Chapter 4
This chapter has been helpful in assisting me in understanding how a GIS maps density. Mitchell discusses how there are various ways in which density is mapped. There is defined area
density and density surfaces. Defined area density includes dot density mapping, in which the number of features represented by the dots is chosen by the analyst, as well as the location of the
dots inside the defined area. I learned that the final product can be greatly impacted by the choices the analyst makes, especially because the dots do not show the exact location of the
features. Shade density mapping is also included in defined area density and is greatly impacted by the classification methods. Quantiles and equal intervals, discussed in the first few chapters,
come into play again in this chapter, as they play an important role in the final product. However, density surfaces display the density differently because they create a surface based on the search radius from each point. I learned that the final product can be affected by the cell size because it can be coarse or smooth depending on the choices the analyst makes. Mitchell discusses how density surfaces can show subtle patterns that defined areas might not show, but they require extra work and care. I learned that the final product can be greatly impacted by the choices the analyst makes and that density surfaces require extra care. I also learned the importance of using the same classification methods when comparing multiple density maps. One thing that caught my attention is the importance that the analyst has in the final product, as their decisions may affect the final product to a large extent.
Questions:
1. When should a dot density map be used over a density surface?
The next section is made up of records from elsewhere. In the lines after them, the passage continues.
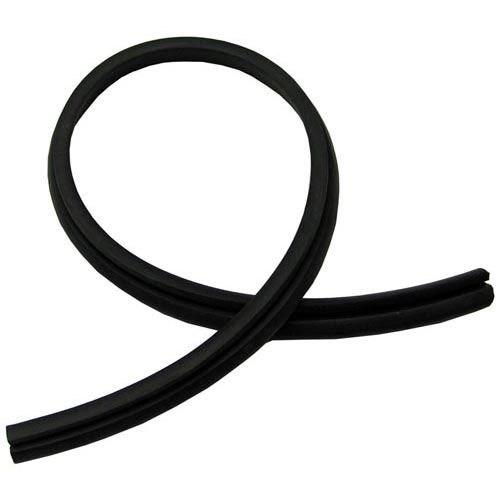 Vulcan Hart 00-960598 Black Sponge Rubber Door Gasket, 3/8" Wide X 5/8" Thick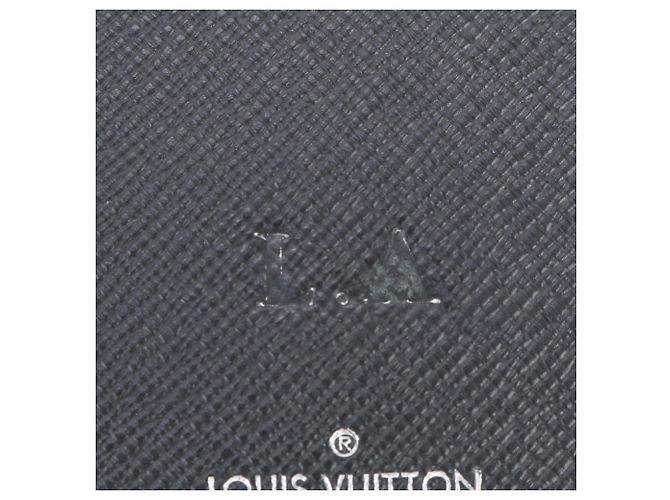 Louis Vuitton Monogram Eclipse Portefeuille Brazza Long Wallet Monograma - vista 13
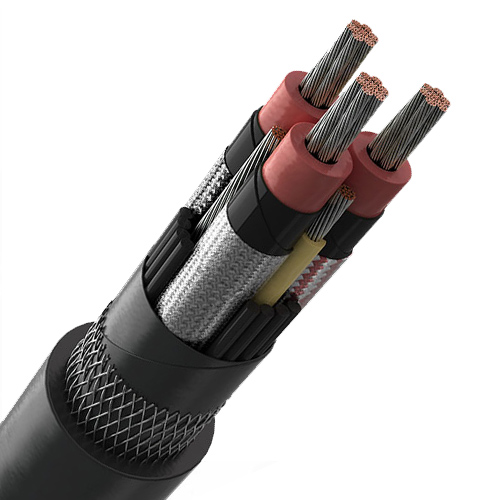 SHD-GC Type Mining Cable, 2 kV, 5 kV, 8 kV, 15 kV, 25 kV
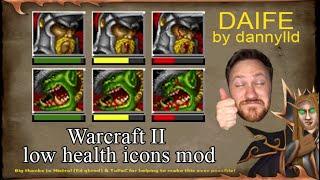 DAIFE - A Warcraft II mod I made graphics for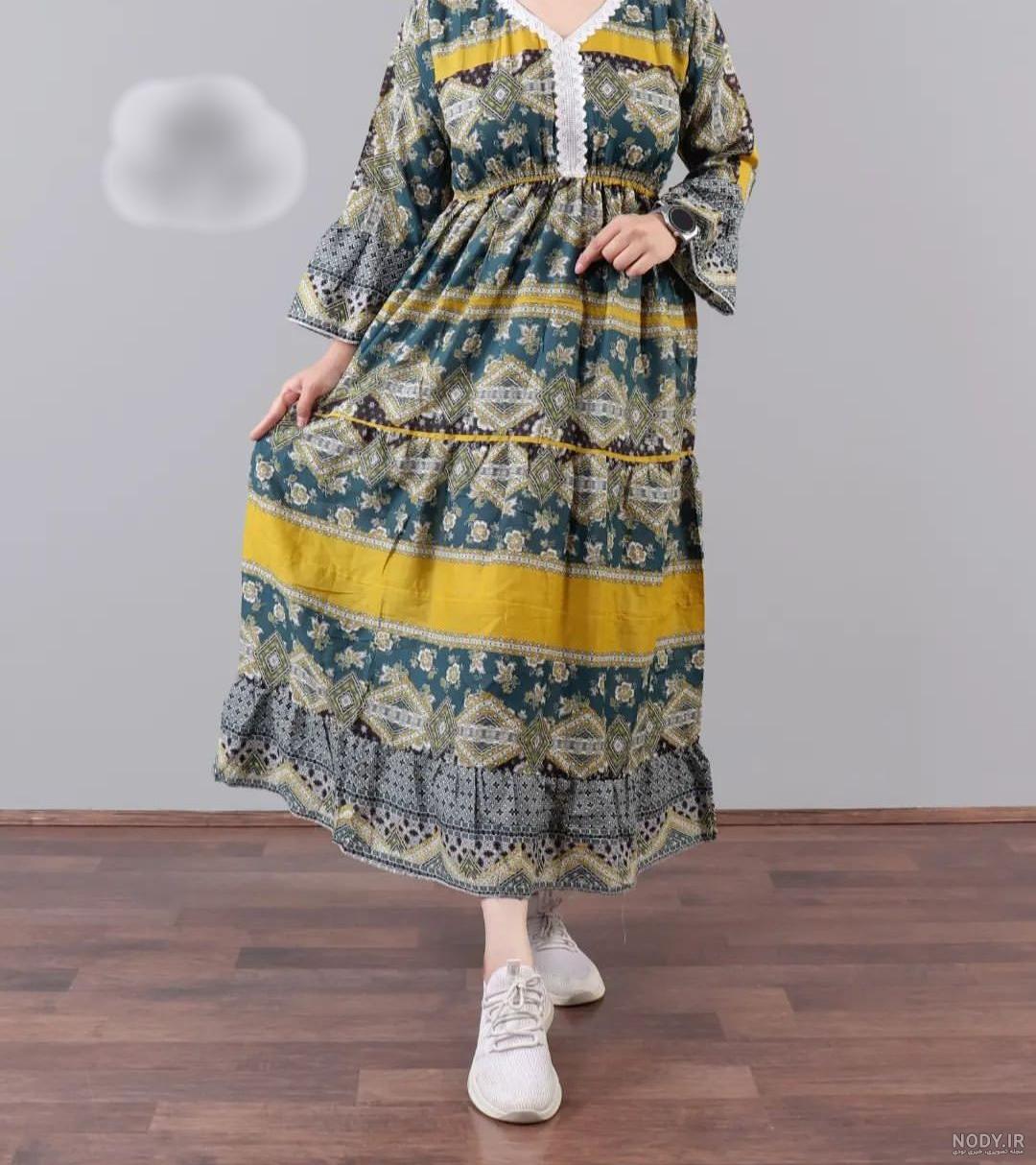 مدل پیراهن زنانه خانگی بسیار زیبا و متنوع با طراحی جدید - مگسن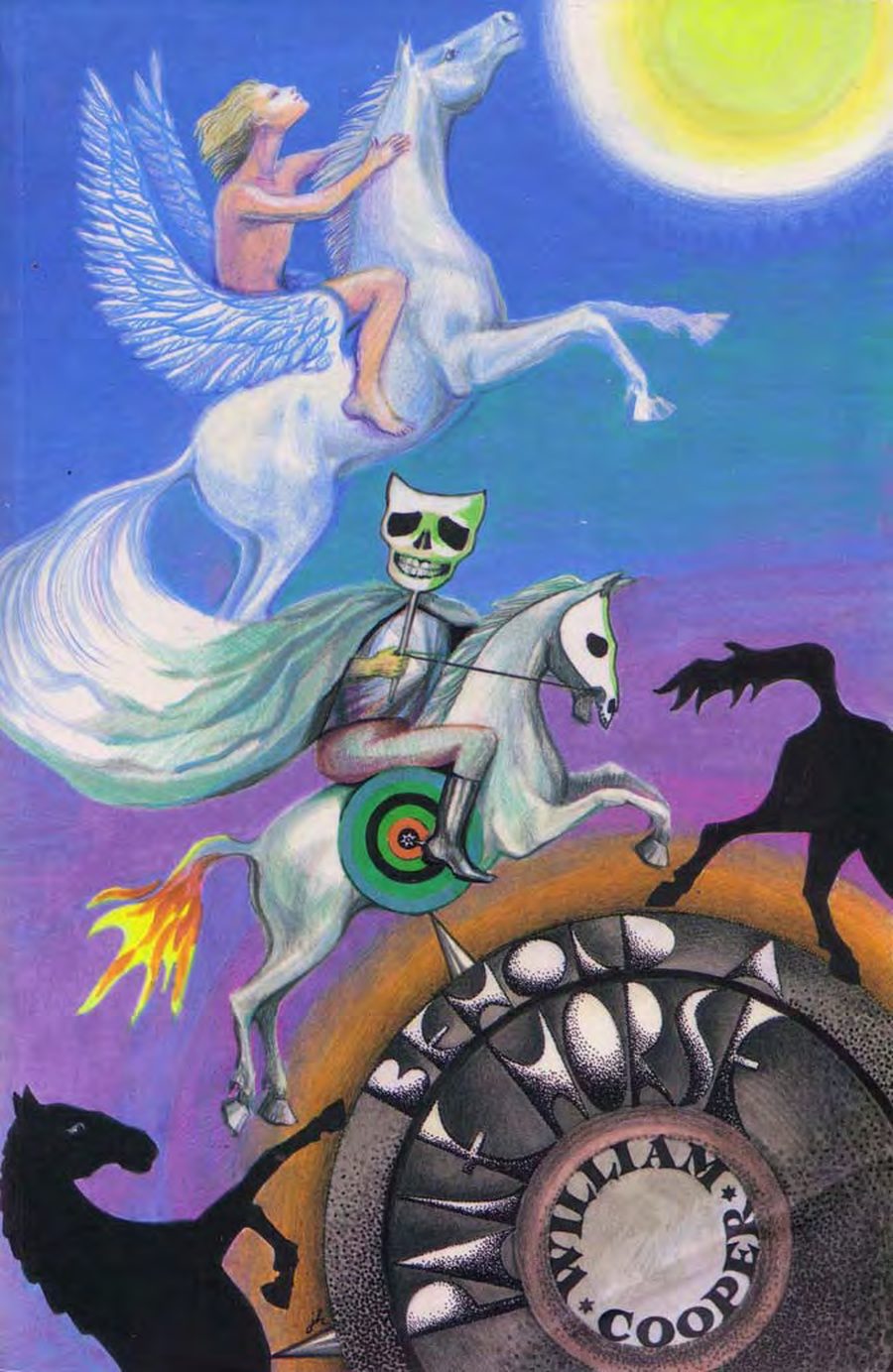 Cover of Behold a Pale Horse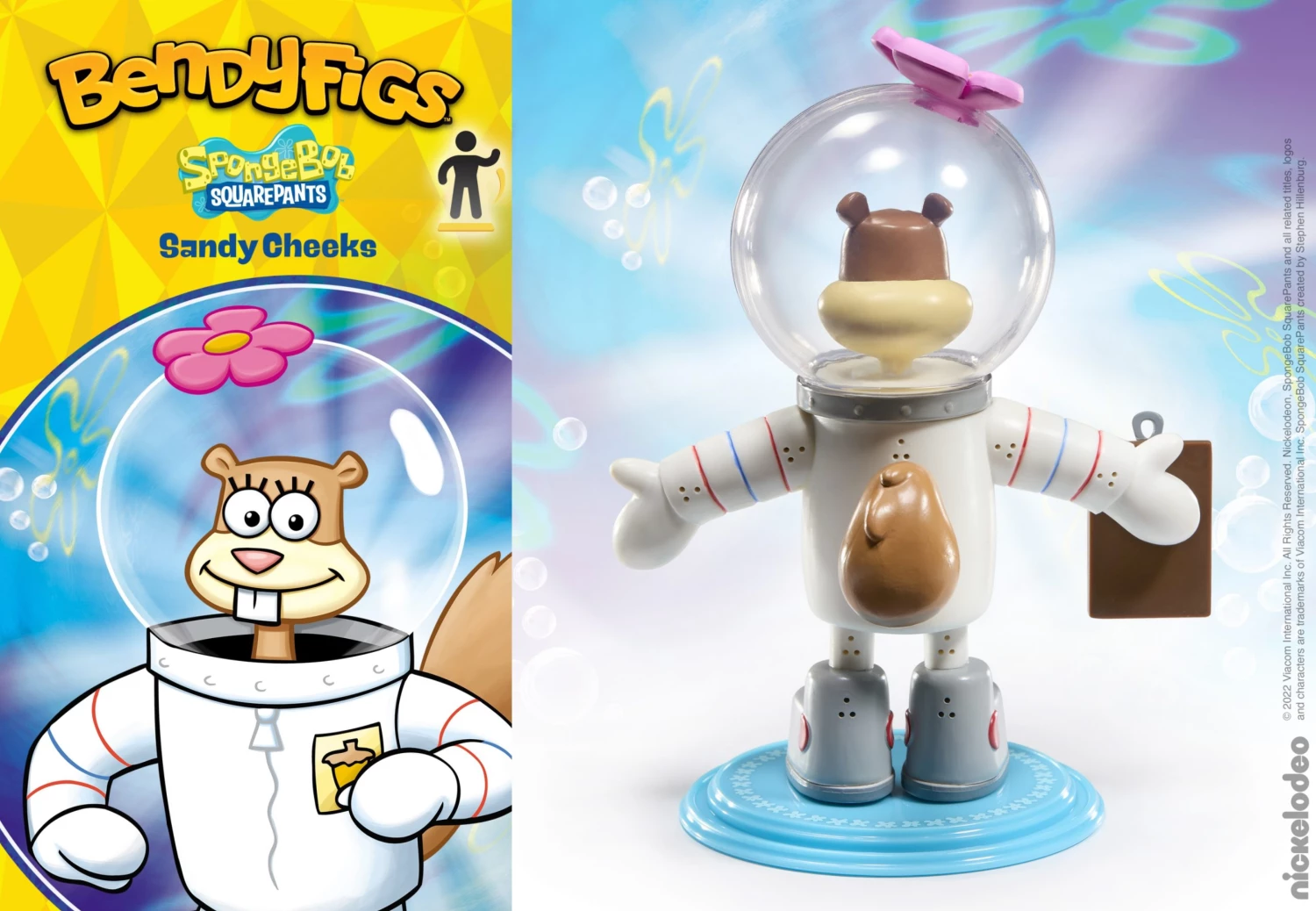 Sandy Cheeks SpongeBob Bendyfigs Figure - Image 3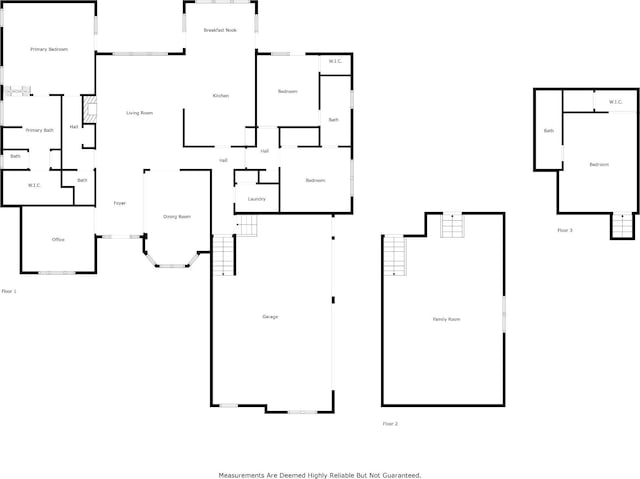 1417 Guill Rd, Mount Juliet, TN 37122 - floor plan / room layout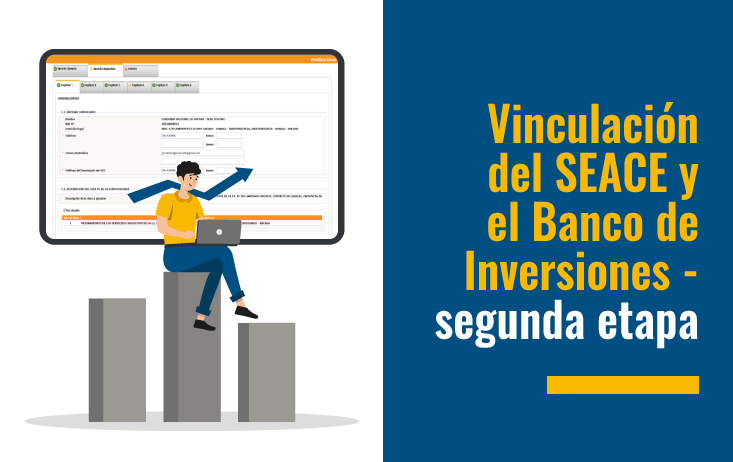 Vinculación del SEACE y el Banco de Inversiones - 2a. etapa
3. How do the classification methods stop or create false density patterns?
Chapter 5
Chapter five discusses what is inside an area. Mitchell states that if the analysis is done on one area, the goal is usually to summarize or monitor what is going on inside the area. If the
analysis is done on several areas, the goal is to compare the amount or kind of information inside each of the several areas. There are three ways that this can be done: listing what is inside the
area, counting what is inside the area, and summarizing the attributes of what is inside the area. The third method involves adding up or averaging the attributes of the features inside the area.
One problem that Mitchell presents that I had never thought of before is how to determine whether or not to count features that are only partially inside the area. The second problem is
how the boundaries of the areas are represented. In some cases, the boundaries are represented with an outline, and in other cases, the interior of the area is shaded to help identify the area as a
whole. This, in my opinion, affects interpretation because, with the boundaries, the focus is on the separation, and with the shading, the focus is on the area as a whole. What I got from this chapter was the importance of consistency. For example, the boundaries, if one is represented differently from the other, then the two areas are not being compared fairly. Mitchell is able to
connect this chapter to the previous ones by showing the use of the concepts discussed in the future. This chapter has helped me understand that area analysis is simple but detailed, requiring
a lot of decisions.
Questions:
1. How do you determine whether partially included features should be included in an area?
2. What methods of mapping are best suited to represent the results of boundary-based analysis?
Chapter 6
Chapter six of the book discusses how GIS solves the problem of what is near a feature. This is another important problem that occurs in spatial analysis. In this chapter, Mitchell
explains that there are three different ways of measuring what is near a feature. One way is by straight line distance. This is the simplest method to use, but it is not always realistic since it
does not take into consideration any obstacles that may be encountered along the way. The second way is network distance. This is more realistic since it considers what path one has to
follow. The third one is cost over a surface. This is more advanced since it considers many different factors that may influence movement. The path that one has to follow may be difficult
even though it is straight. There are also buffers, which are used to define what is near a feature by creating a buffer around a feature and defining what is a certain distance away. Buffers can
be used to represent distance, time, or cost, depending on the analysis. The reminder about using planar versus geodesic distance was important to me because it is crucial for obtaining accurate results. Smaller areas can be analyzed using planar methods because the curvature of the Earth is insignificant, but as the area gets larger, it is crucial to use distance to obtain results that accurately represent the Earth’s curved surface. Another topic that Mitchell reviews is earlier concepts such as counting or summarizing features within zones, demonstrating how each
chapter builds on the previous one. What stood out to me is how proximity analysis, although simple at first, can become complex depending on the real-world situation. Different issues call
for different approaches, and if the wrong one is used, it could lead to the misrepresentation of the level of nearness of something. This also made me think of how easy it is to misrepresent the
distance between two points on a map if one does not take into consideration the real situation.
Questions:
1. When is straight-line distance sufficient to be used on its own?
2. How do buffers change depending on the units used, such as distance, time, or cost?